Elliman clocked in with 1,725 agents, up 8 percent since last year’s ranking, while Corcoran logged 1,191, up 9 percent.
Meanwhile, three firms — Town, KWNYC, and Nest Seekers — saw dramatic growth in terms of number of agents. The three-year-old Town saw its count jump by 22 percent, to 472.
That was despite the month-long legal battle earlier this year between the firm’s owners, Andrew Heiberger and Joseph Sitt, a dispute which saw a string of the company’s top-producing agents head for the door. (In addition to Dvorin, Patty LaRocco, James Cox, Frank Arends and Clayton Orrigo also jumped ship.)
Town’s number of listings increased by 3 percent year-over-year, and it’s total dollar volume of listings increased by 9 percent. KWNYC, meanwhile, made its debut on TRD’s top Manhattan firms list, which is based on agent count, thanks to the 103 agents it recruited since last year. The company now has 343 agents, a 43 percent increase over 2013.

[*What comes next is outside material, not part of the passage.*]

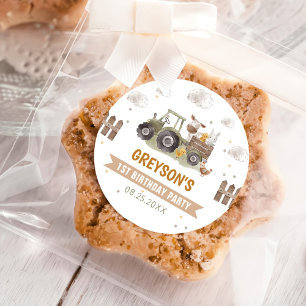 Tractor Farm Birthday Party Animals Barn Classic Round Sticker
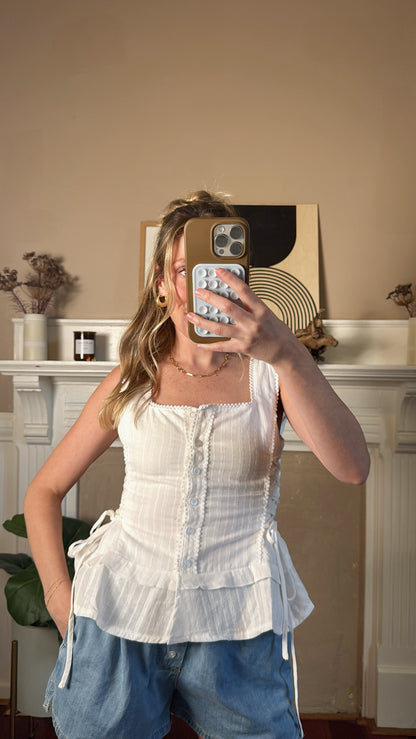 Lace-Trim Button-Front Peplum Top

Barron attributed the rise in the firm’s agent count to an error in last year’s count.
Still, Barron estimated that KWNYC’s agent count had gone up by between 20 and 30 percent, with notable additions including Janet Wilkinson and Susan LeFevre, partners who signed after a successful run together at Corcoran.
Nest Seekers’ agent count jumped to 410, according to TRD’s research, a 58 percent rise year-over-year. But despite the expansion, the firm didn’t see any big changes in the number of listings it signed, or the dollar value of those listings. The firm saw a 13 percent drop in exclusives and only a 1 percent uptick in the dollar value.
A Nest Seekers spokesperson disputed the numbers, but additional listings the firm sent TRD to consider for the ranking were not active listings and therefore not counted.
For the most part, firm heads said they haven’t been aggressively looking to open new offices. Once the inventory squeeze loosens up, that may change, they said.
“I’m hoping we’ll get a little bit of relief this spring. Many people kept their apartments off the market waiting for the better weather, but I don’t see any huge changes in the regular resale inventory,” Liebman said.
Correction: A previous version of this story incorrectly stated the name of a firm. The correct name is Coldwell Banker The Bellmarc Group.